By the close in Dublin, the ISEQ Overall Index had fallen 0.13pc, or 4.13 points, to 3,176.09.
The index spent most of the session in positive territory, climbing as high as 3,203 at one point before plunging in the afternoon. The loss meant the ISEQ has now recorded losses on seven of the last eight trading days.
The losses were spread across a wide range of businesses, with no single sector dominating on the sell side.
Ryanair dipped 1.4pc to €4.28, while the former flag carrier Aer Lingus slid 1.01pc to 98c. A Virgin Atlantic plane had to make an emergency landing at Gatwick Airport in London, closing the UK's second biggest airport for a number of hours. Both airlines run substantial operations out of Gatwick.
Construction based stocks struggled for most of the day. Kingspan fell 1.06pc to €7.50 while CRH slipped marginally to €14.95. Readymix dropped 2.08pc.

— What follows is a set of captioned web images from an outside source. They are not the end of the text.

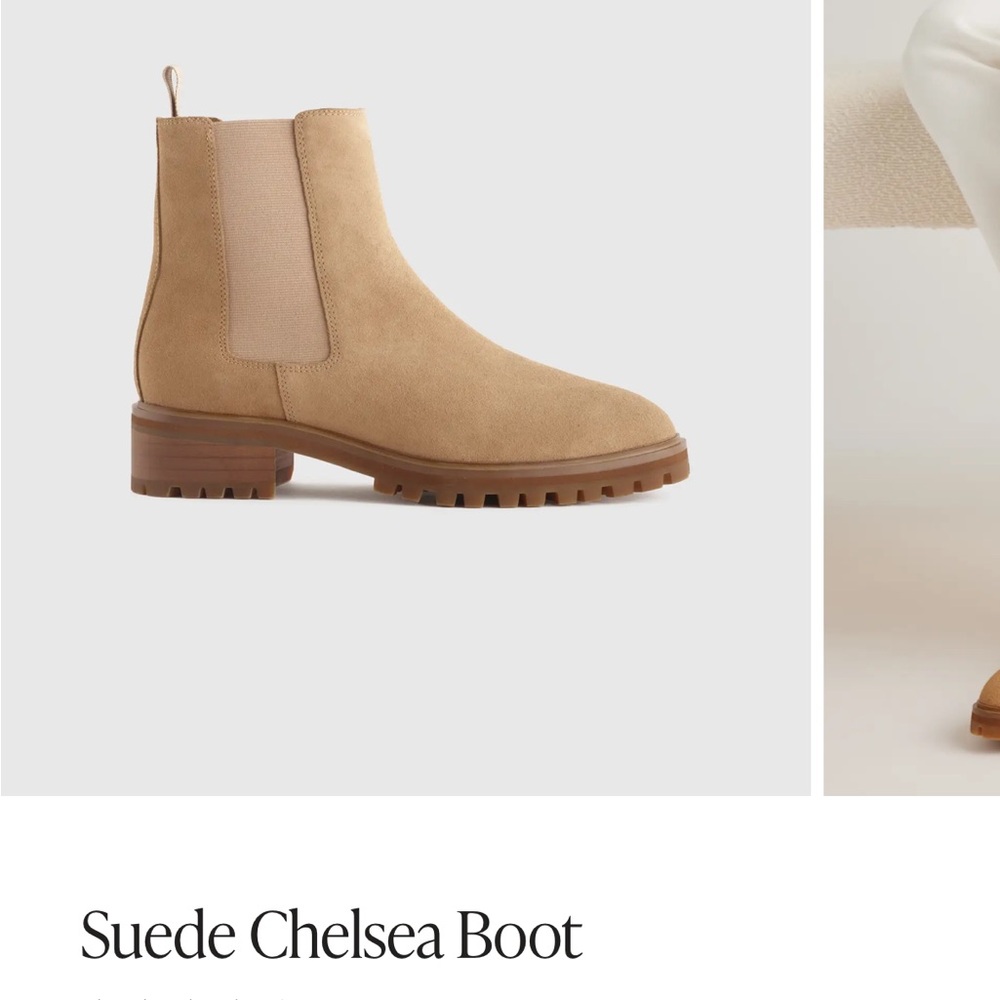 Quince Chelsea Boot Tan Suede Size 7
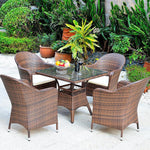 Outdoor Tables And Chairs Rattan Chair Leisure Courtyard Balcony Three Piece Rattan Furniture One Table Two Chairs Including Cushion Formula Table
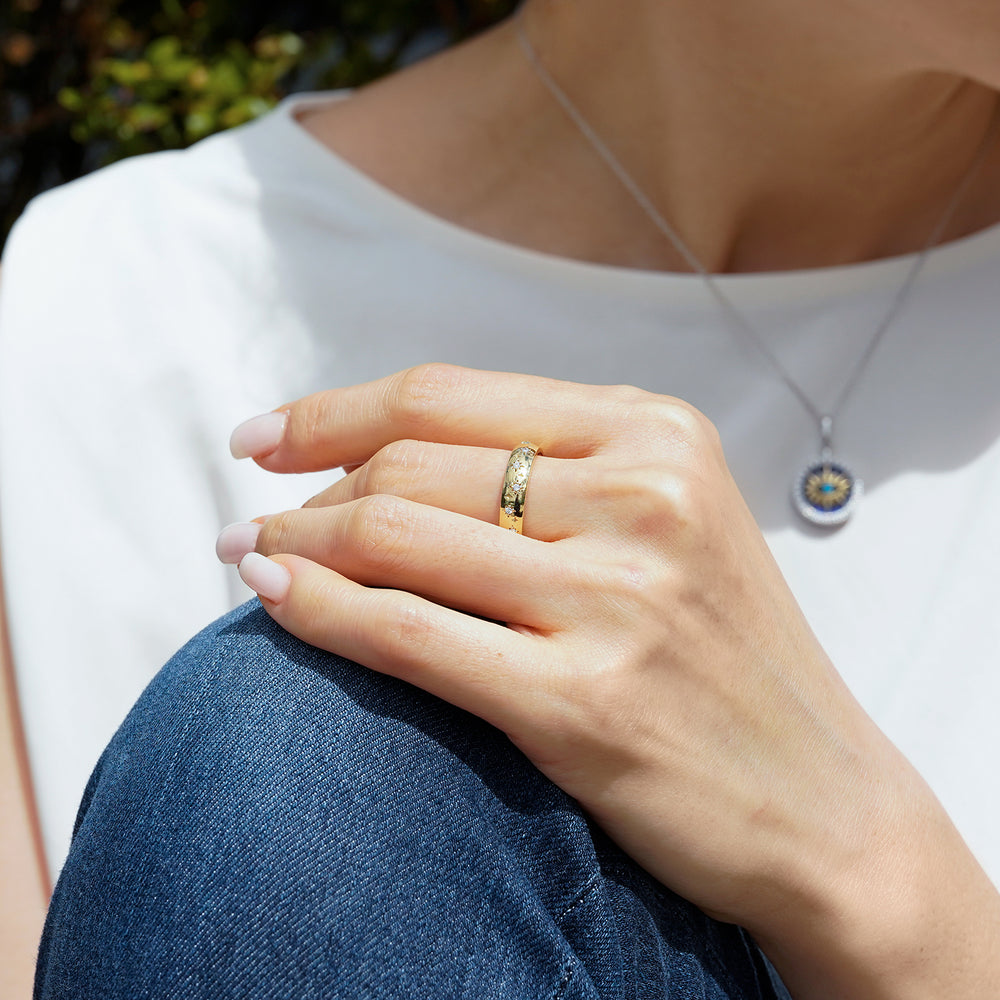 Hallmark Fine Jewelry Star Studded Eternity Band in 14K Yellow Gold with Diamonds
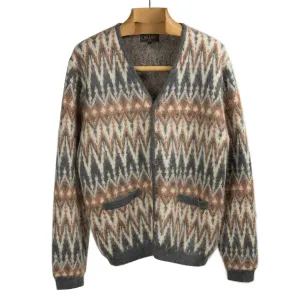 Shaggy cardigan in grey chevron jacquard mohair blend
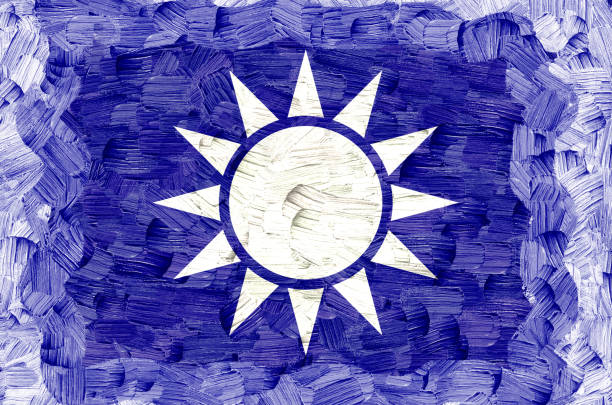 Fabric flag of Kuomintang. A white Sun with twelve rays on blue background.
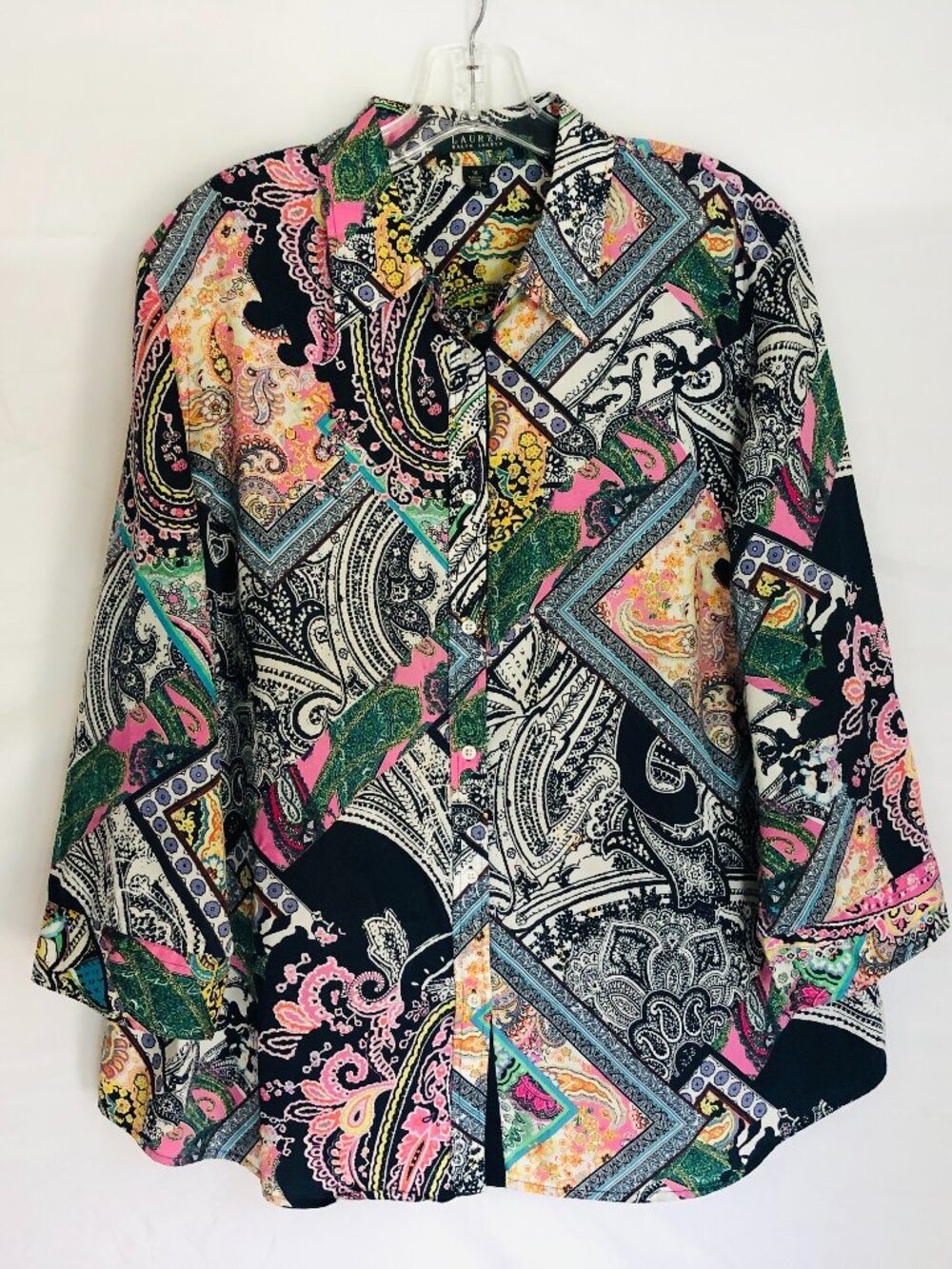 Lauren Ralph Lauren Women's Size‎ 1X Paisley Floral Button Up Blouse Top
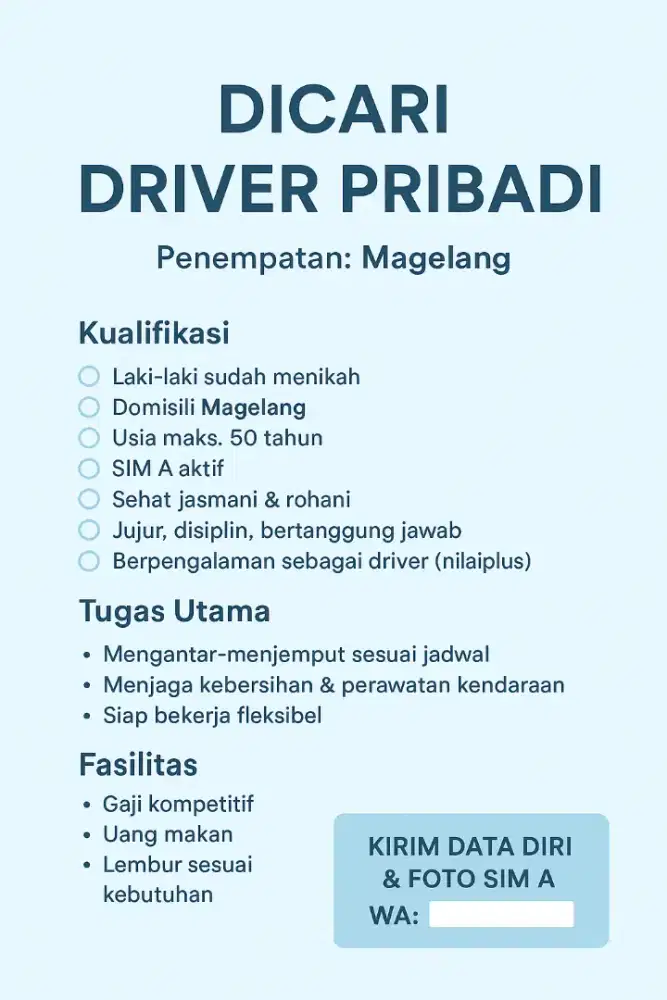Dibutuhkan Driver Pribadi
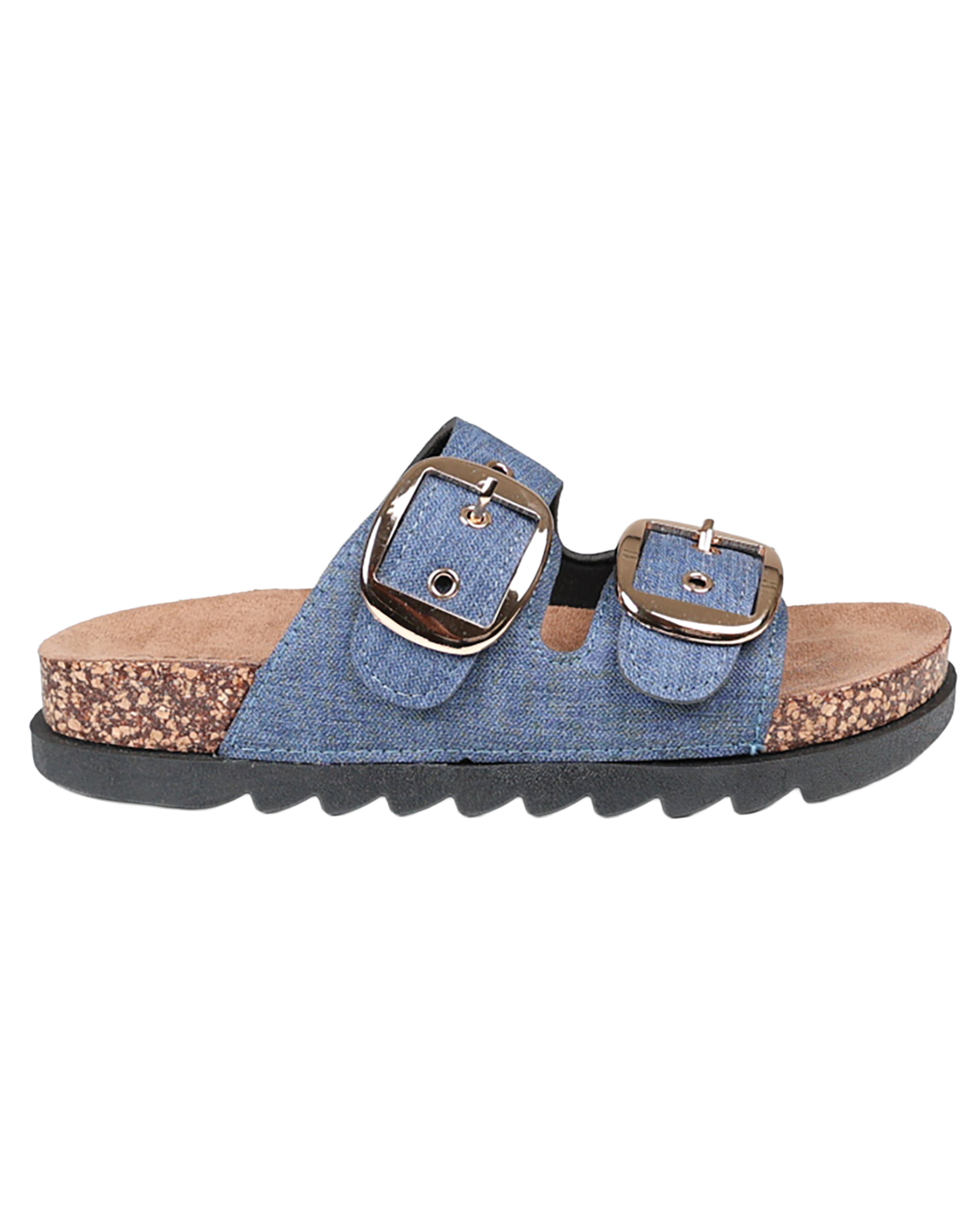 Denim Double Buckle Slide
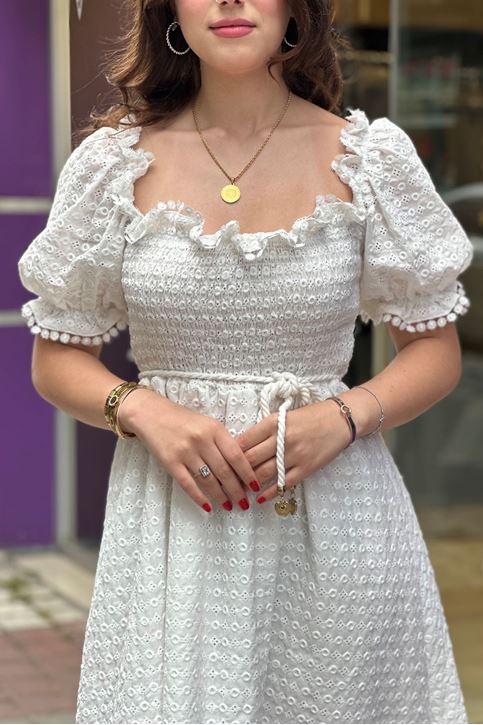 Karpuz Kol Midi Boy Fisto Elbise-Beyaz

On the other side of the board, food stocks had a particularly strong session.
Glanbia surged 1.93pc to €5.92 while Kerry Group added 1.77pc to reach €34.27. Aryzta ended the day 1.63pc better at €37.50.
Elsewhere, European stocks rebounded from their longest stretch of weekly losses since August as companies rallied amid an increase in takeover activity.
The benchmark Stoxx Europe 600 Index rose 0.3pc. National benchmark indices climbed in 12 of the 17 western-European markets that were open. The UK's FTSE 100 advanced 0.3pc and Germany's DAX rose 0.6pc. France's CAC 40 increased 0.5pc. Greece's stock market was closed for the Orthodox Easter holiday.
"There is volatility out there at the moment," said Kevin Gardiner, head of investment strategy EMEA, Barclays. "When the dust settles, the underlying profitability of average large quoted companies is actually pretty resilient. Investors will eventually come back in and capitalise on that opportunity."
International Power added 3.2pc after GDF Suez agreed to buy the 30pc stake at a revised price of 418p a share. That's 7pc more than an earlier offer of the UK utility rejected as too low. GDF increased 5pc as Europe's biggest utility by market value confirmed that it will raise its 2012 targets if the deal goes through.
KPN rose 0.9pc after the Netherlands' largest phone company said it has started a review of Belgian mobile-phone unit, BASE. The business will probably attract interest from private-equity firms.
Pernod-Ricard, the owner of Jameson, rose 1.6pc after Morgan Stanley upgraded France's biggest distiller to overweight.